Margraf Rebecca L, Durtschi Jacob D, Dames Shale, Pattison David C, Stephens Jack E, Voelkerding Karl V
ARUP Institute for Clinical & Experimental Pathology®, Salt Lake City, Utah, USA.
J Biomol Tech. 2011 Jul;22(2):74-84.
Multi-sample pooling and Illumina Genome Analyzer (GA) sequencing allows high throughput sequencing of multiple samples to determine population sequence variation. A preliminary experiment, using the RET proto-oncogene as a model, predicted ≤ 30 samples could be pooled to reliably detect singleton variants without requiring additional confirmation testing.
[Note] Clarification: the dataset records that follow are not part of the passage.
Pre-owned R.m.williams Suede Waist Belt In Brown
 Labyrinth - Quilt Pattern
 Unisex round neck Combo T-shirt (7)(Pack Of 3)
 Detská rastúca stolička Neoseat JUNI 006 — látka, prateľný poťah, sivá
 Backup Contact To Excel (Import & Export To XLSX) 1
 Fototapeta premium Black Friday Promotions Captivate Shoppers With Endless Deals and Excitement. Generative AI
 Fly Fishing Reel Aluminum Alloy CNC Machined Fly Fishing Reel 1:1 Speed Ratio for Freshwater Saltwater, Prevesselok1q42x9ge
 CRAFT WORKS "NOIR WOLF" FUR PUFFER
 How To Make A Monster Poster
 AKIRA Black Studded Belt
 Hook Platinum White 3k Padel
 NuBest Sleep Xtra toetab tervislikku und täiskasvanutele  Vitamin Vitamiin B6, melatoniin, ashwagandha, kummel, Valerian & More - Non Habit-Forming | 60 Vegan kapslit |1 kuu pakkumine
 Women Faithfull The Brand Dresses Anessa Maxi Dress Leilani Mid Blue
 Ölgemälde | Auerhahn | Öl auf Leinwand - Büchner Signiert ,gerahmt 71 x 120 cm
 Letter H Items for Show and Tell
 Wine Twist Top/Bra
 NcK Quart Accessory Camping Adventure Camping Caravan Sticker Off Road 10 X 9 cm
This report used 30 and 50 sample pools to test the hypothesized pooling limit and also to test recent protocol improvements, Illumina GAIIx upgrades, and longer read chemistry. The SequalPrep(TM) method was used to normalize amplicons before pooling. For comparison, a single 'control' sample was run in a different flow cell lane. Data was evaluated by variant read percentages and the subtractive correction method which utilizes the control sample. In total, 59 variants were detected within the pooled samples, which included all 47 known true variants. The 15 known singleton variants due to Sanger sequencing had an average of 1.62 ± 0.26% variant reads for the 30 pool (expected 1.67% for a singleton variant [unique variant within the pool]) and 1.01 ± 0.19% for the 50 pool (expected 1%). The 76 base read lengths had higher error rates than shorter read lengths (33 and 50 base reads), which eliminated the distinction of true singleton variants from background error. This report demonstrated pooling limits from 30 up to 50 samples (depending on error rates and coverage), for reliable singleton variant detection. The presented pooling protocols and analysis methods can be used for variant discovery in other genes, facilitating molecular diagnostic test design and interpretation.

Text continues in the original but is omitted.